◆ Required work ◆
With the pictures excluded, repeat every entry exactly.

◆ Information shown ◆

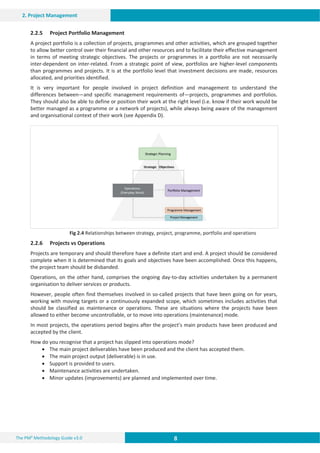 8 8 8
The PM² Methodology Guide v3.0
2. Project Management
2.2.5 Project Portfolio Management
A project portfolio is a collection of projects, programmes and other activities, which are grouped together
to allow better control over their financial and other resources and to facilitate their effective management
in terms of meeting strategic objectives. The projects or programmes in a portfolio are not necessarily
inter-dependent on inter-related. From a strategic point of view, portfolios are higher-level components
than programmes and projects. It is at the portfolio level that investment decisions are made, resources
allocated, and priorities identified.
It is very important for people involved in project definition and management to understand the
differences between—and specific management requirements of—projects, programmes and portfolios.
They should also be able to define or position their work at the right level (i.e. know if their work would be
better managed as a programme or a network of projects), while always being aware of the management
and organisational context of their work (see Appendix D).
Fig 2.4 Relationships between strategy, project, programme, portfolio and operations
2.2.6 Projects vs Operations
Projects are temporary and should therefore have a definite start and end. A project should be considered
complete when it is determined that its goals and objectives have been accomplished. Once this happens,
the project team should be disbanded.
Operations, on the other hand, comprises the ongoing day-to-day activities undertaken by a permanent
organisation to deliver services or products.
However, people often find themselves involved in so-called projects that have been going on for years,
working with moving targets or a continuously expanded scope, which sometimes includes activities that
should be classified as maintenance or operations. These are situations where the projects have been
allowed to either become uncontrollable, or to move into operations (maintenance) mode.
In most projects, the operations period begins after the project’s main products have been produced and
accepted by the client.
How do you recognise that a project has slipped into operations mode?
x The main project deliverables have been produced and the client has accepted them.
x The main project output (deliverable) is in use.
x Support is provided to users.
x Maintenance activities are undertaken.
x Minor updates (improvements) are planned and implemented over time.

◆ Expected answer ◆
 8 8 8
The PM² Methodology Guide v3.0
2. Project Management
2.2.5 Project Portfolio Management
A project portfolio is a collection of projects, programmes and other activities, which are grouped together
to allow better control over their financial and other resources and to facilitate their effective management
in terms of meeting strategic objectives. The projects or programmes in a portfolio are not necessarily
inter-dependent on inter-related. From a strategic point of view, portfolios are higher-level components
than programmes and projects. It is at the portfolio level that investment decisions are made, resources
allocated, and priorities identified.
It is very important for people involved in project definition and management to understand the
differences between—and specific management requirements of—projects, programmes and portfolios.
They should also be able to define or position their work at the right level (i.e. know if their work would be
better managed as a programme or a network of projects), while always being aware of the management
and organisational context of their work (see Appendix D).
Fig 2.4 Relationships between strategy, project, programme, portfolio and operations
2.2.6 Projects vs Operations
Projects are temporary and should therefore have a definite start and end. A project should be considered
complete when it is determined that its goals and objectives have been accomplished. Once this happens,
the project team should be disbanded.
Operations, on the other hand, comprises the ongoing day-to-day activities undertaken by a permanent
organisation to deliver services or products.
However, people often find themselves involved in so-called projects that have been going on for years,
working with moving targets or a continuously expanded scope, which sometimes includes activities that
should be classified as maintenance or operations. These are situations where the projects have been
allowed to either become uncontrollable, or to move into operations (maintenance) mode.
In most projects, the operations period begins after the project’s main products have been produced and
accepted by the client.
How do you recognise that a project has slipped into operations mode?
x The main project deliverables have been produced and the client has accepted them.
x The main project output (deliverable) is in use.
x Support is provided to users.
x Maintenance activities are undertaken.
x Minor updates (improvements) are planned and implemented over time.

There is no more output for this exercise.